16. Tavia
Chapter 16
Tavia
“ Y ou want to meet our guest?” Amy’s voice was full of mirth as we got ready the next morning. “She’s feisty. Reminds me of you actually.”
“Sure. You were planning on seeing her this morning?” I pulled a brush through my hair and yawned.
We’d been up most of the night talking, and I only caught a few hours of sleep in the early morning. Back at the vampire compound, I would have slept well into the afternoon. Here, I fell back into my human habits and had risen with the sun.
“It’s Robin’s turn to bring her breakfast this morning, but I like to tag along and give her some company.”
“What’s her name again? I’m borrowing a shirt, by the way.”
“Heather. And sure, help yourself.”
“I can’t wait to see Robin, too.”
“She’s gonna flip her shit when she sees you.” Amy went quiet. “We never thought we’d see you again. It sounds dumb now but we even had a little memorial for you. We thought...”

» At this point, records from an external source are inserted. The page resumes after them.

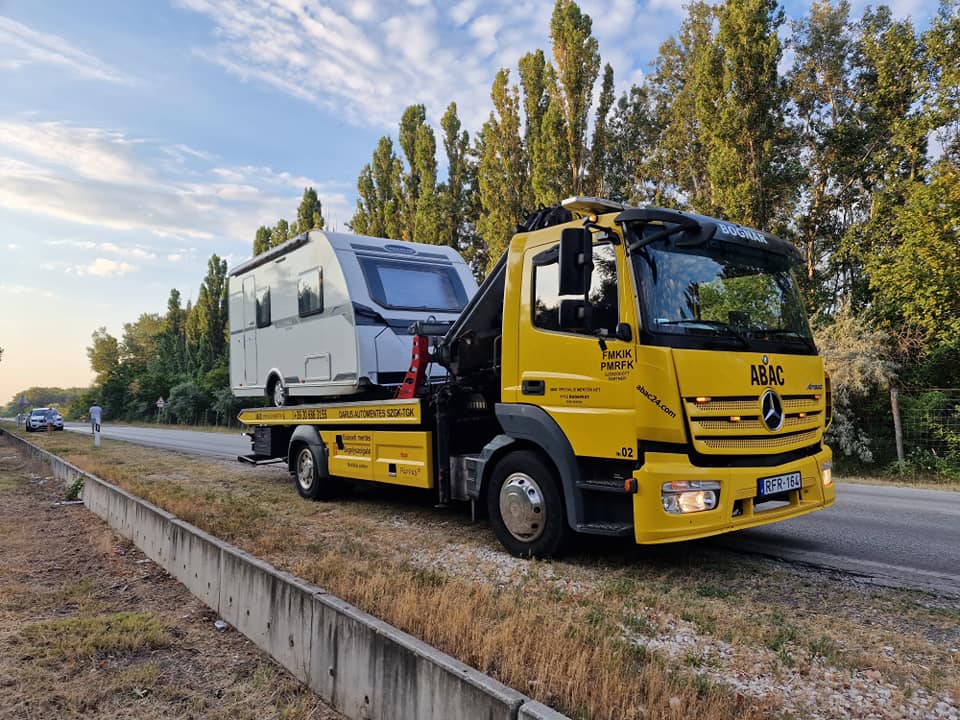 Leakadt lakókocsi a 7-es főúton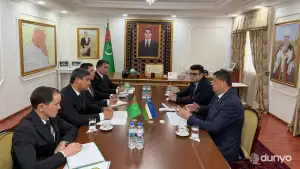 Посол Узбекистана Равшанбек Алимов встретился с хякимом Ахалского велаята Туркменистана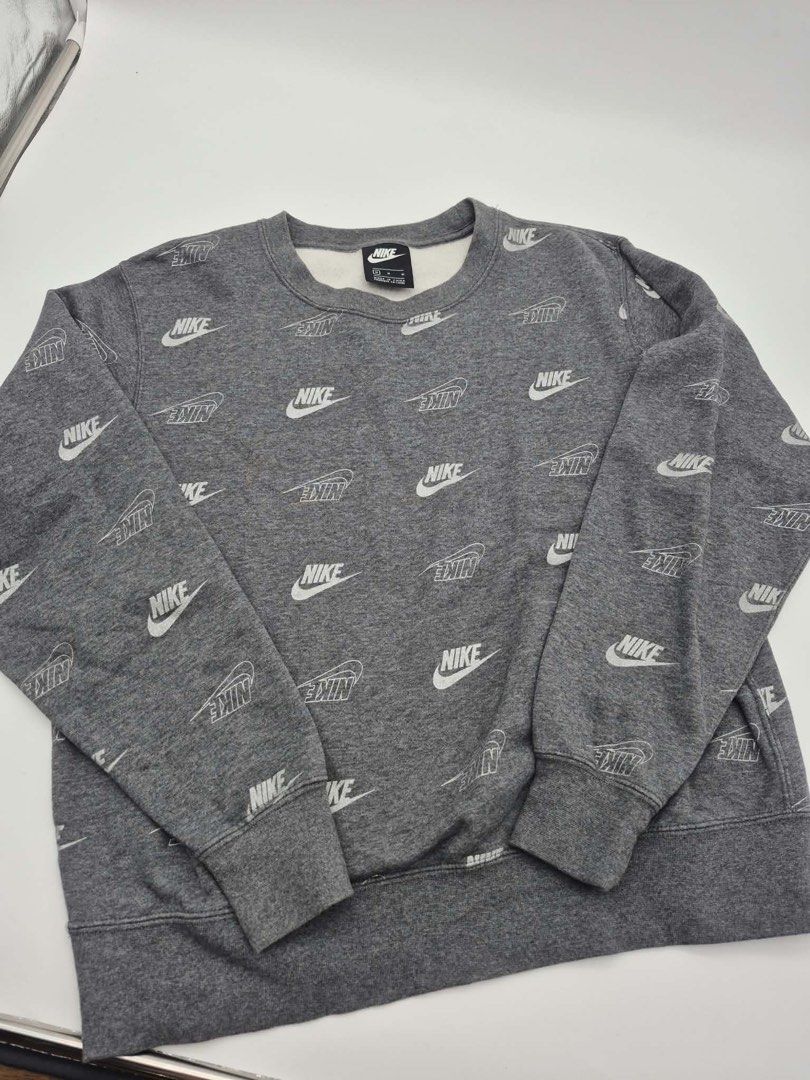 Nike sweatshirt Medium (Category: Activewear) located in Davao. Submitted by marthascloset (Listing ID 1466764379, Image 1). Description: .
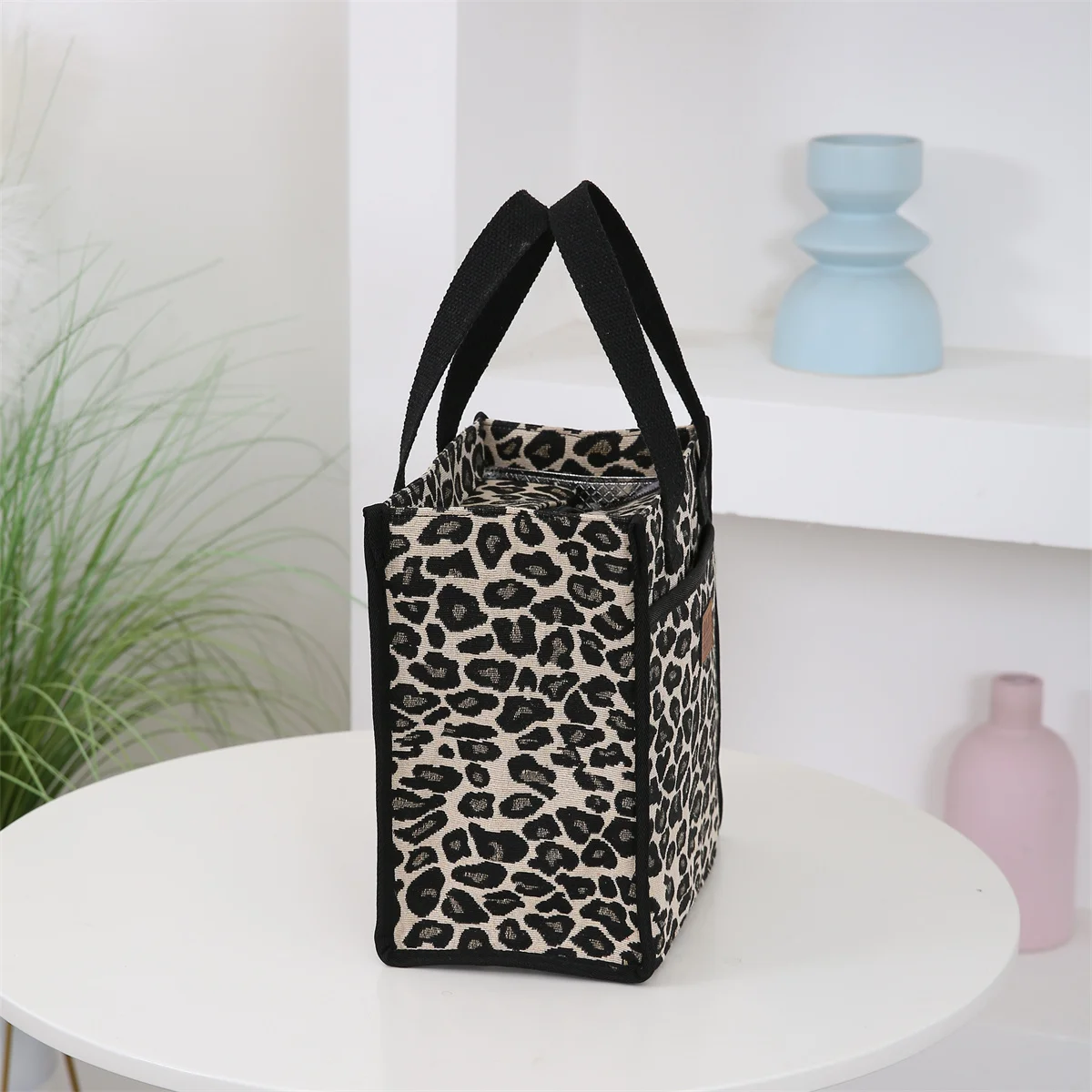 New knitted jacquard thickened fabric handbag, aluminum foil insulation inside zipper semi-closed lunch box bag, bento bag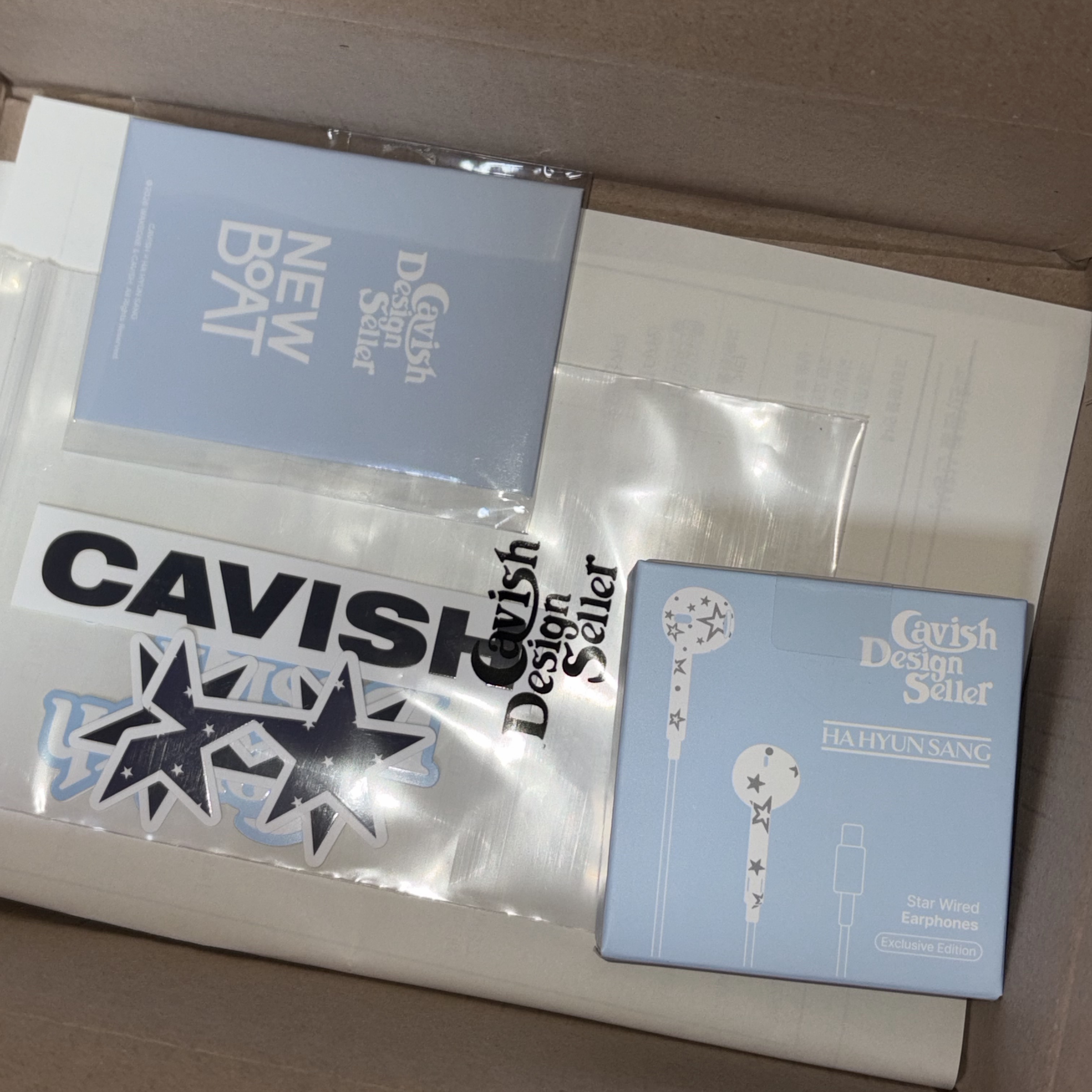[KREAM 단독] CAVISH x Ha Hyun Sang Star Wired Earphones Blue (USB-C) 착용 스타일 - 1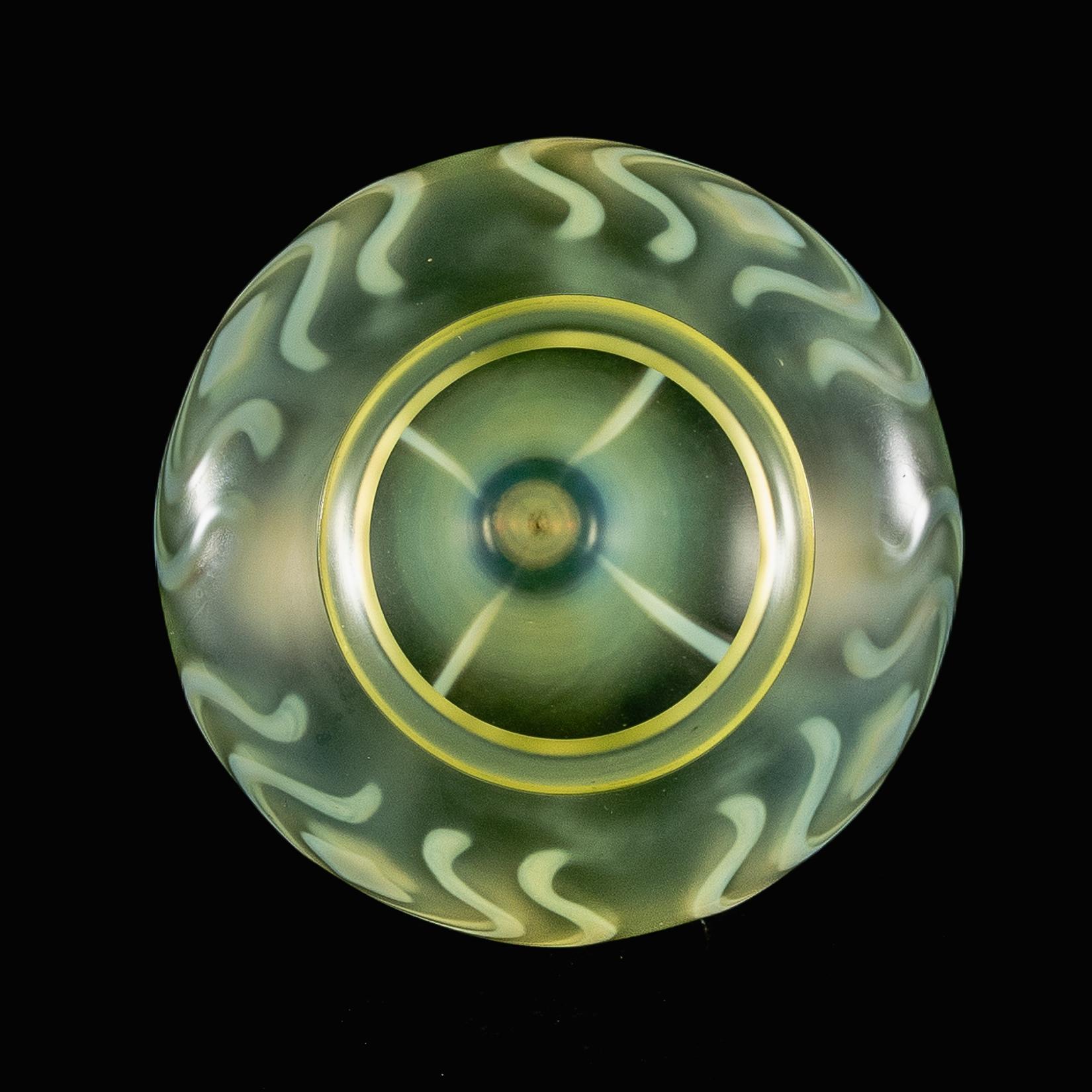 A Rare Tear Drop Vaseline Glass Shade with Stylized Peacock Feather Motifs In Good Condition For Sale In London, GB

“Hey.” I pulled her into a hug. “I know. I thought I was a goner too. But the vampires aren’t so bad, actually. I might get to visit regularly. Maybe you can even visit me.”
Amy pulled away with a cringe. “Visit a vampire clan? That’ll be like a lamb hanging out with a pack of wolves, won’t it?”
“It’s not like that. Everyone’s very respectful.” Although to be honest, I couldn’t be sure. People didn’t mess with me because I was Cyan’s blood pet. Would Amy be as safe if a vampire didn’t have a similar claim on her?
“Whatever you’re comfortable with,” I tacked on. “Ready to go?”
“Yeah. You hungry?” She led the way out of the trailer and locked up behind us.
“Starving,” I admitted. “The market over there has a deli that makes amazing breakfast burritos, but sometimes you want something classic like pancakes, you know? I’ve been there a few times and have yet to see a basic box of pancake mix on the shelf.”
Amy was quiet for a while as we walked. She kept facing forward, ignoring the looks of disdain from others we passed by. Some eyebrows raised and whispers were exchanged when they saw that I was in fact alive and well. I met the eyes of anyone who dared to keep looking, an open challenge to come mess with us. No one held my gaze. Bullies were cowards at their core, after all.
“So they’re good to you over there, huh?” she asked.
“Yeah, I would say so.”
“Makes you wonder if we’re really so much better off here,” Amy muttered. “Cut off from the rest of the territory in the name of freedom and independence. But are we, really? Free and independent, that is.”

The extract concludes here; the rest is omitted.